Leissner P, Verjat T, Bachelot T, Paye M, Krause A, Puisieux A et al.. Prognostic significance of urokinase plasminogen activator and plasminogen activator inhibitor-1 mRNA expression in lymph node- and hormone receptor-positive breast cancer. BMC Cancer 6: 216

Centre Léon Bérard, Lyons, Rhône-Alpes, France
BMC Cancer (Impact Factor: 3.36). 08/2006; 6(1):216. DOI: 10.1186/1471-2407-6-216
Source: PubMed


One of the most thoroughly studied systems in relation to its prognostic relevance in patients with breast cancer, is the plasminogen activation system that comprises of, among others, the urokinase Plasminogen Activator (uPA) and its main inhibitor, the Plasminogen Activator Inhibitor-1 (PAI-1). In this study, we investigated the prognostic value of uPA and PAI-1 at the mRNA level in lymph node- and hormone receptor-positive breast cancer.

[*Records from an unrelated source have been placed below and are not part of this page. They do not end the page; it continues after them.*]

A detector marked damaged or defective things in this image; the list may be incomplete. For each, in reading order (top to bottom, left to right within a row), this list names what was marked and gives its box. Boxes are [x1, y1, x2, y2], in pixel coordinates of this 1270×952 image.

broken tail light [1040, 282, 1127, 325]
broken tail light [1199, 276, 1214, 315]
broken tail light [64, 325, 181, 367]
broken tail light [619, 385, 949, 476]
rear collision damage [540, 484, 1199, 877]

The study included a retrospective series of 87 patients with hormone-receptor positive and axillary lymph node-positive breast cancer. All patients received radiotherapy, adjuvant anthracycline-based chemotherapy and five years of tamoxifen treatment. The median patient age was 54 and the median follow-up time was 79 months. Distant relapse occurred in 30 patients and 22 patients died from breast cancer during follow-up. We investigated the prognostic value of uPA and PAI-1 at the mRNA level as measured by real-time quantitative RT-PCR.

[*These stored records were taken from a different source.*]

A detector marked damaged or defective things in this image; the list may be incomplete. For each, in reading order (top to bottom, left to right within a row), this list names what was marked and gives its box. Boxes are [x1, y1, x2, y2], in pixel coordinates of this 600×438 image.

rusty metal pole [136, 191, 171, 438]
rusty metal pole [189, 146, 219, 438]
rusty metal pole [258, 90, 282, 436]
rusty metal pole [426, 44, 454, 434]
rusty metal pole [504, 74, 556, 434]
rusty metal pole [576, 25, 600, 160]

uPA and PAI-1 gene expression was not found to be correlated with any of the established clinical and pathological factors. Metastasis-free Survival (MFS) and Breast Cancer specific Survival (BCS) were significantly shorter in patients expressing high levels of PAI-1 mRNA (p < 0.0001; p < 0.0001; respectively). In Cox multivariate analysis, the level of PAI-1 mRNA appeared to be the strongest prognostic factor for MFS (Hazard Ratio (HR) = 10.12; p = 0.0002) and for BCS (HR = 13.17; p = 0.0003). Furthermore, uPA gene expression was not significantly associated neither with MFS (p = 0.41) nor with BCS (p = 0.19). In a Cox-multivariate regression analysis, uPA expression did not demonstrate significant independent prognostic value.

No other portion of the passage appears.